531w26

Review comments on Project 8, STATS 531 W26

An original project making a claim of general interest. Referees had some questions about how solid the findings are. If they hold up to rigorous criticism, the project appears to be a contribution to political science.

Sec 3. The QQ plot has long tails. The red line hides this somewhat, since a straight line fitting theoretical quantiles from -1 to 1 would show the long tails more clearly. It is not clear whether this amount of non-Gaussian behavior has an effect, but it should be noted and perhaps explored (e.g., by t-distributed tails; sometimes this suggests a transformation of the data, but not here)
Figs 5 and 6. The strong lag-zero relationship is primarily driven by the collapse of the Soviet Union (1990) and also perhaps by the end of the second world war. It would be interesting to see if the pattern remains outside these two special historical events.
Fig 6. The “polarization as a lead indicator” looks consistent with a general pattern of negative (but marginally insignificant) effects as well as the specific (marginally significant) lag of 10. This is a plausible discovery.
Overly Absolute Causality Inference: When interpreting the CCF results, the authors use phrasing with strong causal implications (e.g., “induce,” “feedback loop”). However, statistical cross-correlation (lagged correlation) does not equate to physical causality in the real world. It is better to be more cautious and stick with associative language. “leading indicator” is probably okay for this; it only indicates a lag assocation.
Incorporating an analysis of major global events (e.g., World War I & II, the Cold War, the Great Depression) in the discussion section would be beneficial.
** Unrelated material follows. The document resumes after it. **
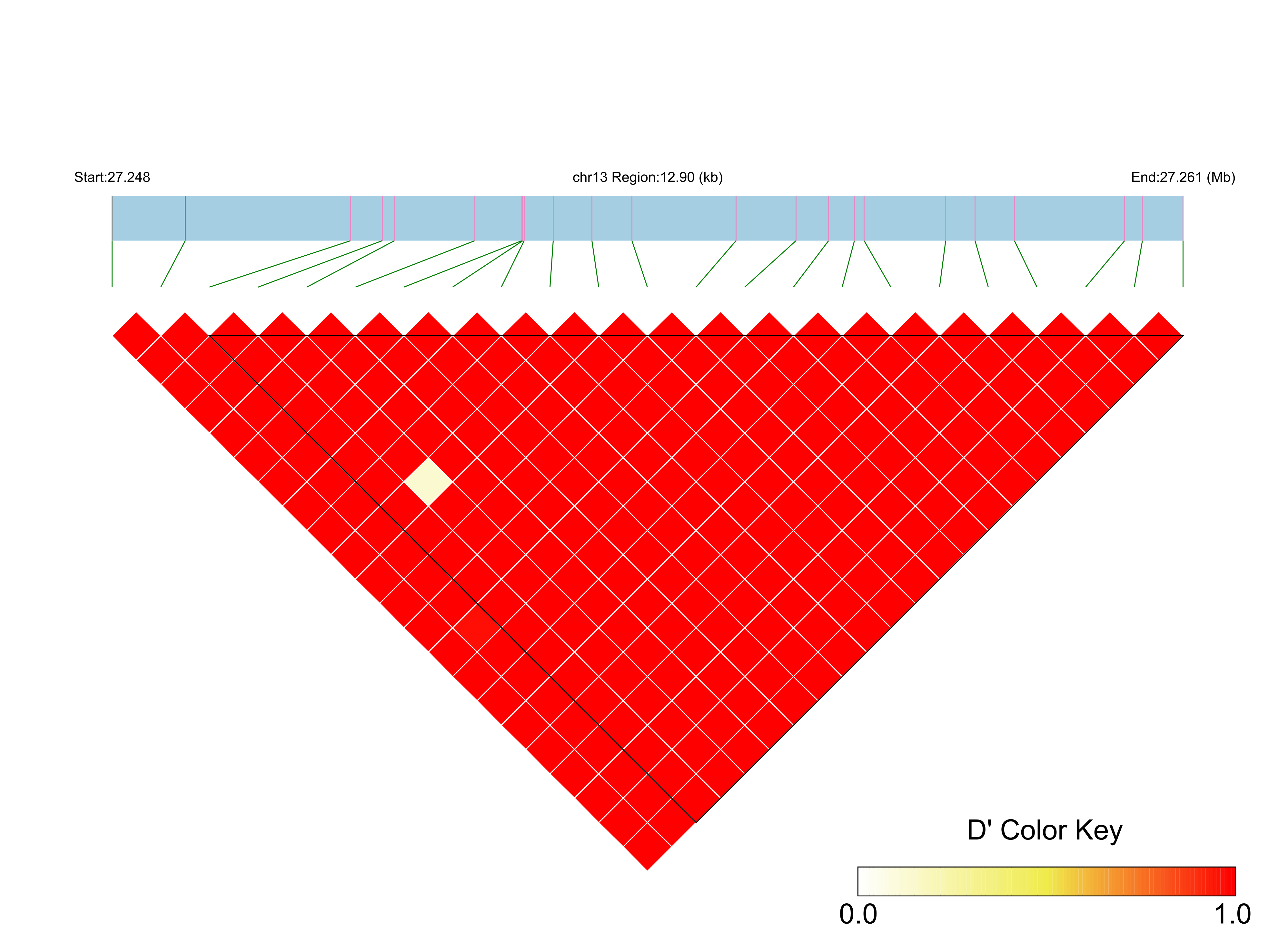 LD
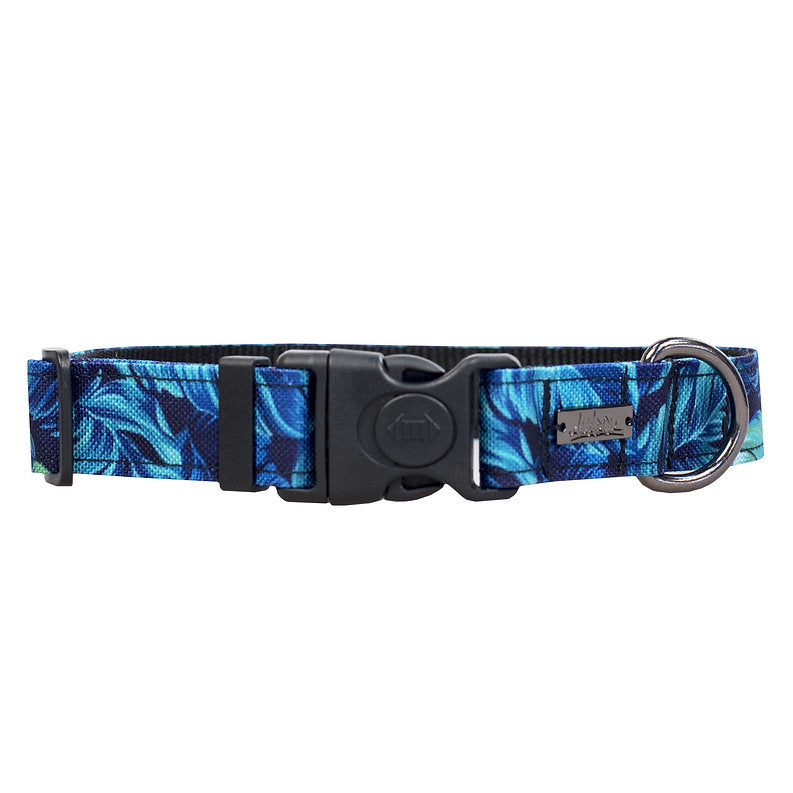 Collier Pour Chien Amarok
Examining whether these unobserved historical shocks acted as confounders simultaneously driving both polarization and regime changes would be interesting.
Multiple testing issues should be discussed in the interpretation of the cross-correlation analysis. Figure 6 tests CCF values at 31 lags and treats several spikes above the 95% confidence bounds as meaningful findings, but with 31 simultaneous tests at the 5% level, one or two significant results are expected by chance alone. No multiple testing correction is applied. More importantly, the regime change series in Figure 4 is dominated by one extreme spike around 1990 from the post-Soviet democratization wave, and this single event likely drives much of the observed CCF pattern. A basic robustness check would be: if we remove the five years surrounding 1991, do the significant lags at -10 and +10 to +15 survive? If they disappear, the entire “10-year leading indicator” narrative collapses into a one-off historical coincidence. This check is never done, which makes the bivariate conclusions much harder to trust.
The CCF code is misintepreted. It uses ccf_vals = sm.tsa.stattools.ccf(pol_change, reg_change, adjusted=False), which means pol_change leads reg_change. Conversely, ccf_backwards = sm.tsa.stattools.ccf(reg_change,pol_change, adjusted=False) means reg_change leads pol_change. However, when they are combined, the backwards values are placed at negative lags after reversing, so lag -10 in the plot is ccf_backwards[10] = corr(reg[t], pol[t+10]) and this implies that regime change leads polarization by 10 years. However, the paper interprets it backwards: “A significant negative spike at lag –10 suggests that an increase in polarization today predicts a decline in democratic regime growth a full decade later.” On the other hand, the positive lags are where polarization leads regime change, but the paper mislabels this as “regime change as a leading indicator” as well.
The bivariate narrative is intruiging but perhaps overconfident. By ignoring the 1990 outlier and the compositional shifts in the V-Dem dataset, the authors have turned what may be a historical coincidence into a causal-sounding theory. Toning down the language from “proves” to “suggests” and running a basic robustness check on the 1991 period would make the analysis more reasonable.
The abstract claims that SARIMAX modeling is used, but this may be a little misleading because the project is using a linear regression model with ARMA errors as the main model. This could be called ARMAX. ARMA models are commonly fitted via the general SARIMAX function in Python, but more clarity would be preferable.
Scholarship is handled well overall as well. The references are all well-cited and the relationship to prior work is clearly described. The code is appropriately provided and reproducible. The paper correctly distinguishes its contribution relative to the prior project, clearly explaining what is new rather than leaving it to the readers to figure out the distinction.
Pre-whitening (a method not covered in class) could be used to help add interpretability to the cross-correlation plot.